Di Matteo, poco visible en estas celebraciones del título, había sido criticado por falta de personalidad, por carecer de experiencia, por dejarse llevar por lo que los veteranos del plantel -Terry, Lampard, Drogba- indicaban.

 

Pero el italiano se ganó un sitio primordial en la historia del Chelsea y por ello Abramovich decidió que permaneciera.

 

Seis exactos meses después de las escenas de júbilo bombardeado por apio, Di Matteo ha sido destituido al no lograr clasificar al equipo a los octavos de final de la presente Champions League. Poco rindió su crédito. La guillotina futbolera es ansiosa y no da para segundas oportunidades.

 

De momento, el Chelsea se encuentra a cuatro puntos de la cima en la liga inglesa con posibilidades intactas de ser campeón. Su campaña europea falló, así como la del Manchester United el año pasado.
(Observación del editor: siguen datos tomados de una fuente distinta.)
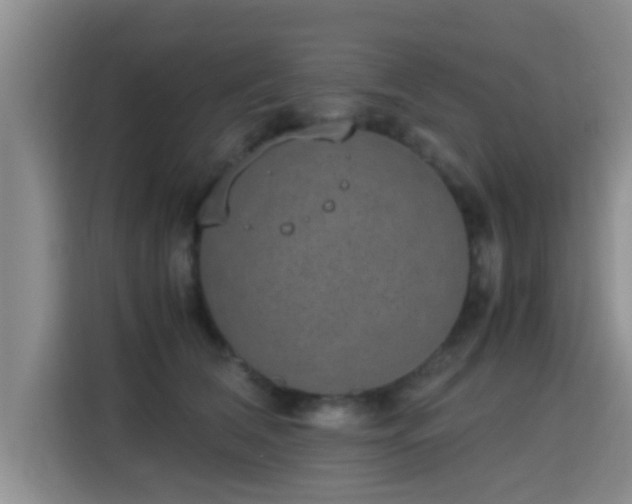 X0000115350612200911101137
La diferencia, en todo caso, es la forma de visualizar los proyectos: si el United fracasa en algo, nadie especula con algún cambio en la dirección técnica, pues desde hace más de un cuarto de siglo el jefe ha sido sir Alex Ferguson. Algo parecido pasa con el Arsenal, que no ha ganado títulos en siete años, pero se aferra al proyecto que encabeza Arsene Wenger desde 1996.

 

Al Chelsea evidentemente no le interesa un plan de ese tipo. Lo intentó con Mourinho, quien devolvió a sus vitrinas la liga tras medio siglo de sequía y ganó más del 70 por ciento de los juegos disputados, mas el asunto tronó cuando el temperamental portugués se negó a alinear a quien Abramovich indicara. Volvió a probarlo con el contrato largo ofrecido al supuesto nuevo Mou, como se veía a Villas Boas, aunque con los resultados hoy conocidos.

 

Dicen que su nueva obsesión es Pep Guardiola que se encuentra en año sabático. El asunto es lo que el ex del Barcelona impondría como condiciones (las económicas serán fácilmente saciables; el problema son las laborales) y que le ha surgido férrea competencia desde un club con circunstancias parecidas: el Manchester City.

 

Al igual que el Chelsea, el City ha sido comprado por un mecenas de chequera ilimitada. Al igual que el Chelsea, el City volvió a ganar la liga (es el vigente campeón) tras más de cuatro décadas sin obtenerlo. Y al igual que el Chelsea, el City no está conforme con su entrenador, el también italiano Roberto, Mancini.

 

Oligarca y jeque se pelearán a Guardiola, con la ilusión de alguna vez observar a su equipo jugar como lo hizo el Barça de Pep. El contexto es diferente (poco tiene que ver un equipo conformado por estrellas traídas de todo sitio con uno basado en personajes que se hicieron juntos adultos y futbolistas) pero la fe en esta contratación es inmensa.

 

La alegría de Abramovich ha sido efímera. Las lágrimas de felicidad derramadas en Múnich tras aquella final, poco han saciado. Sabe que tiene un plantel carísimo, repasa que sólo para esta temporada derrochó 130 millones de dólares en refuerzos y no le gusta lo que ve.

 

Rafael Benítez se ha convertido en el nuevo director técnico del Chelsea. El contrato es por lo que resta de esta temporada con opción a una más. ¿De qué depende esa opción? Seguramente, tanto de la impaciencia de un ruso como de la disponibilidad de un catalán.